Na verdade, e contrariamente ao afirmado nas duas respostas do Presidente da
Assembleia Legislativa Regional da Madeira, embora só haja deputados regionais
nas duas Regiões Autónomas, nem por isso se pode daí concluir que a matéria do
estatuto remuneratório desses deputados — ou a variação entre o minimus e o
maximus, para se utilizar uma expressão sugestiva — só diga respeito a cada uma
dessas regiões, de forma exclusiva. Sendo Portugal um Estado unitário (artigo
6.º da Constituição), considera-se que a Constituição impõe que a fixação do
estatuto dos diferentes titulares de cargos políticos, da República e das
Regiões, deva obedecer a um mínimo de unidade, assegurada precisamente pela
intervenção da Assembleia da República na fixação dos diferenciados estatutos
[artigos 120.º, n.º 2, 167.º, alínea l), e 233.º, n.º 5]. Ora, a delegação
operada pelo artigo 28.º do EPA não se reveste do mínimo de densificação que
permita falar da fixação do núcleo essencial, que possibilitasse uma intervenção
legislativa complementar através de decreto legislativo regional, atenta a
autonomia político-administrativa, patrimonial, orçamental e financeira de que
gozam as regiões autónomas.
20 — Este Tribunal teve, de resto, ocasião de se pronunciar, em processo de
fiscalização preventiva, pela inconstitucionalidade de normas de um diploma
enviado para assinatura ao Ministro da República da Região Autónoma da Madeira,
que contemplavam matéria do estatuto remuneratório dos deputados regionais
[artigos 13.º, n.º 1, alínea f), 14.º a 17.º, 22.º e 24.º, n.º 2, do diploma
aprovado em sessão plenária da Assembleia Legislativa Regional da Madeira, em 11
de Fevereiro de 1992, sob o título «Alterações ao Estatuto de Deputado»].
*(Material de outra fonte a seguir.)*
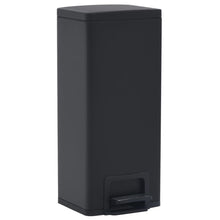 Mülleimer mit Pedal Anti-Fingerabdruck 30 L Schwarz Edelstahl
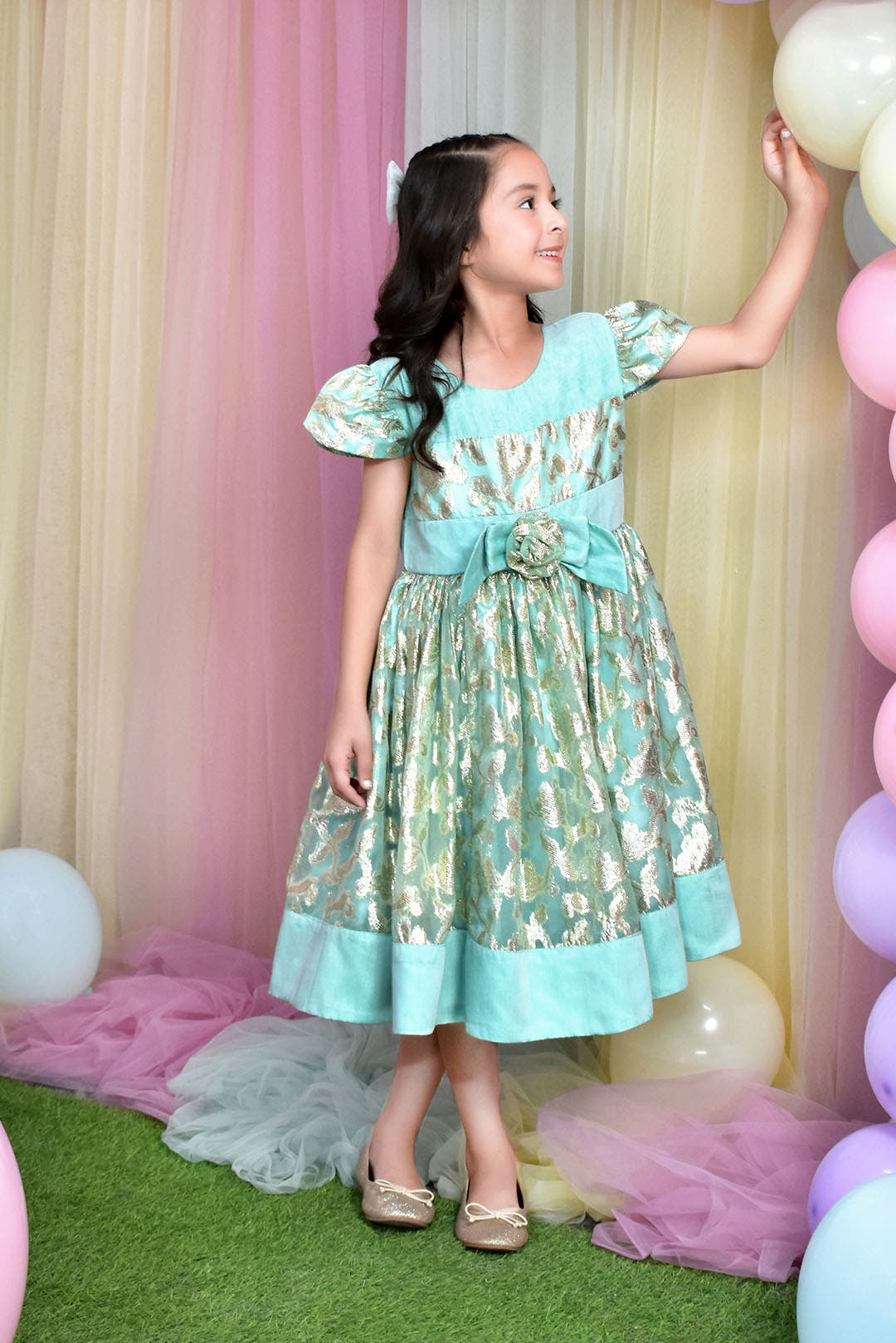 SANA'S cotton frock Pakistan party wear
Pode ler-se no Acórdão n.º 92/92 deste Tribunal:
Significa isto que as assembleias legislativas regionais, quando editarem
legislação ao abrigo da alínea a) do n.º 1 do artigo 229.º da Constituição, se
hão-se mover dentro dos limites seguintes:
a)... As matérias a tratar hão-de ser de interesse específico para a Região
(limite positivo);
b)... Tais matérias não podem estar reservadas à competência própria dos órgãos
de soberania (limite negativo);
c) Ao tratar legislativamente essas matérias, as assembleias
legislativas regionais — para além de haverem de obedecer à Constituição — não
podem estabelecer disciplina que contrarie «leis gerais da República» […].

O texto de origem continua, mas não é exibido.